Afternoon Program

January 25, 2025

Select the paper time/title to read the abstract.

In 2024, amateur and professional archaeologists associated with the University of Tennessee Cave Archaeology Research Team visited twelve cave and open-air rock art localities in Tennessee, Kentucky, and Alabama.  Some were new sites documented for the first time.  Others were known sites where new technologies for documentation were used to acquire modern data.  Of these, four are on public lands and eight on private properties. In this presentation, we discuss work at six of these rock art localities.  Of three open-air sites in Tennessee, one containing cupules is a new find, illustrated here for the first time.  New faded pictographs were seen at a previously known petroglyph site in Tennessee. A new mud glyph cave art site in Alabama just across the Tennessee state line is presented along with new mud glyphs from a Tennessee cave where pictographs were documented a number of years ago.  Finally, a small shelter petroglyph site in southwestern Kentucky saw new documentation in more complete fashion than in earlier recordings.

Recent excavations by Cultural Resource Analysts, Inc., and the University of Tennessee investigated remains of a Civil War rifle trench constructed and occupied by the Army of the Ohio as part of the defenses of Knoxville in November to December 1863. This paper discusses the findings from this feature in relation to accounts of the battle, overall defenses of the city, and similar features at other sites in the region.  

Civilian Conservation Corps Camp #3459, known as Camp Dunbar, was established in 1935 in conjunction with the TVA village that housed workers for the Pickwick Dam. The primary task for the enrollees at Camp Dunbar, a segregated African American unit, was the construction of cabins for the TVA park that would later become Pickwick Landing State Park. The goal of archaeological testing at Camp Dunbar was to identify the camp building sites and activity areas. Testing of the site consisted of excavation units, shovel tests, and metal detector scans. Follow up testing and mapping will be completed in the spring.  

2:15-2:30 PM BREAK

Stable isotope analysis has been a popular method for studying foodways within Zooarchaeology. Recently, archaeologists have begun to use stable isotope analysis to study plant remains. This type of research is currently primarily focused on understanding agriculture in prehistoric contexts, but there are many other potential applications. This paper uses stable isotope analysis to determine if people enslaved at the Fanny Dickins plantation (40FY303) in Fayette County were using manure as fertilizer for plants that they would have cultivated for their own food needs. Additionally, this project will compare δ15N values at Fanny Dickins to δ15N values from Cedar Grove (40FY325), another enslaved domestic site, and Widow Dickins (40FY462), a manor house site, to determine what plant management practices looked like on other parts of this landscape. This project demonstrates that stable isotope analysis is valuable for understanding how people used plant management practices to meet their subsistence needs.

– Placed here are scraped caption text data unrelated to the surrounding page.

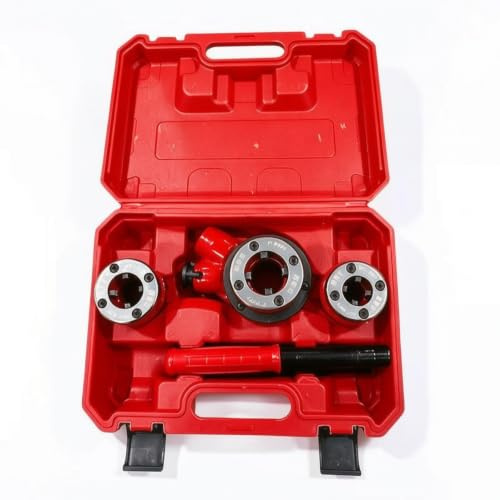Jinhxofs Kit Filettatubi con Valigetta Intercambiabili Filettatrice Manuale a Cricchetto Antiscivolo Filettatrice Manuale per Officina, Cantiere, Set Di Filettatrici Manuali 62 A 3 Teste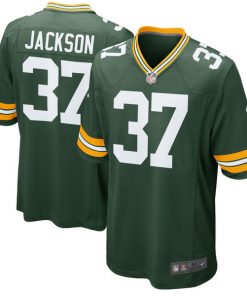 Men's Green Bay Packers #37 Josh Jackson Green 2018 NFL Draft Pick Game Jersey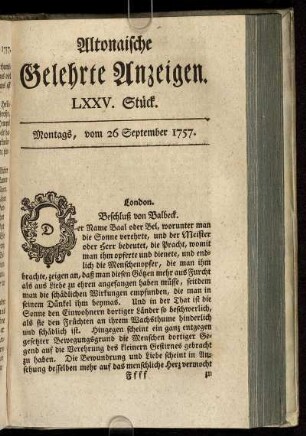 LXXV. Stück. Montags, vom 26 September 1757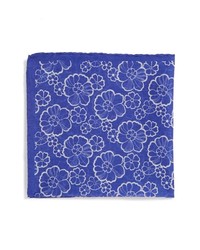 Eton Floral Pocket Square Blue One Size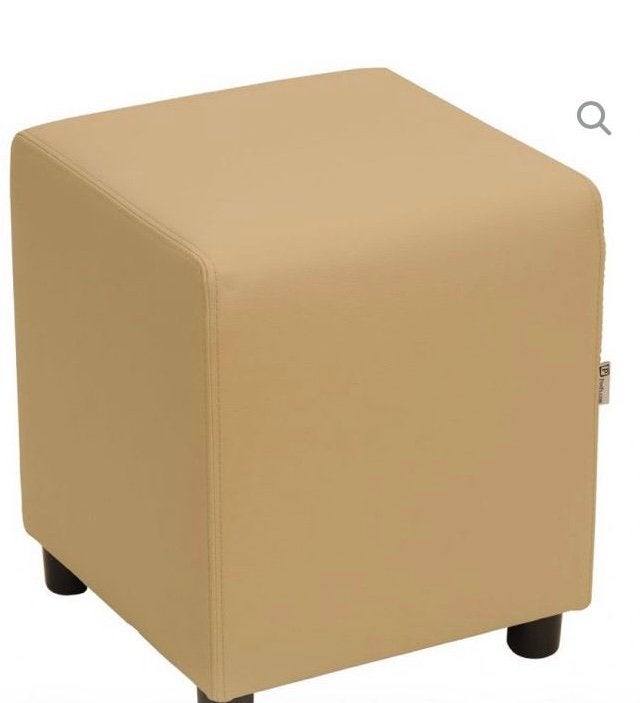 Poef beige 2 x, Ophalen, Zo goed als nieuw, Rond, Minder dan 50 cm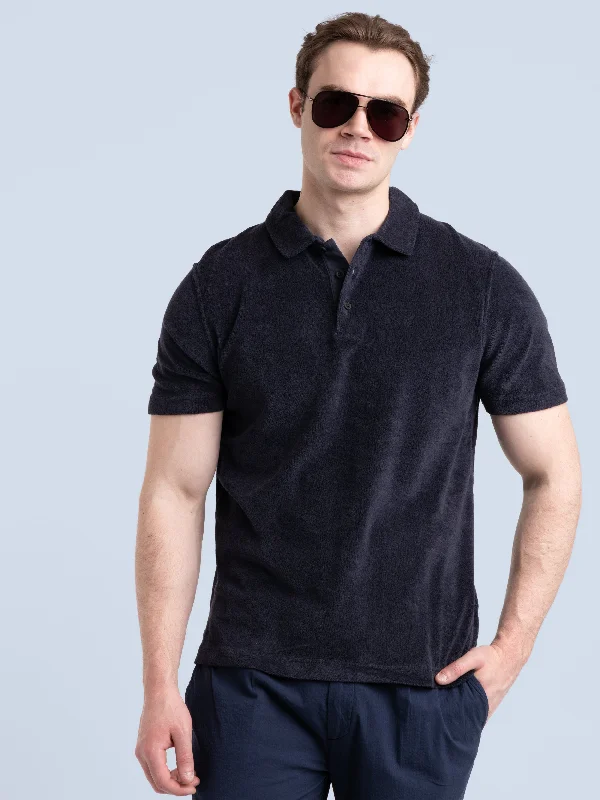 metro snug t-shirts -Navy Terry Polo Shirt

In 2020, cavers discovered an extensive maze of previously unknown passages in Helms Deep Cave, Perry County, with abundant evidence for Indigenous exploration. The site was evaluated in May 2021, with field work between July 2021 and March 2024. Radiocarbon dates place the exploration from about 3400 BP to 3000 BP. The distribution of cane charcoal deposits and stoke marks suggests ten miles of passages were visited. Over fifty extant stone structures likely served as trail markers. There are several human footprints/pathways, with impressions from both children and adults. Two areas of cave art have abstract digital designs on cave ceilings. The 66-mile-long cave was securely gated in Spring 2024.   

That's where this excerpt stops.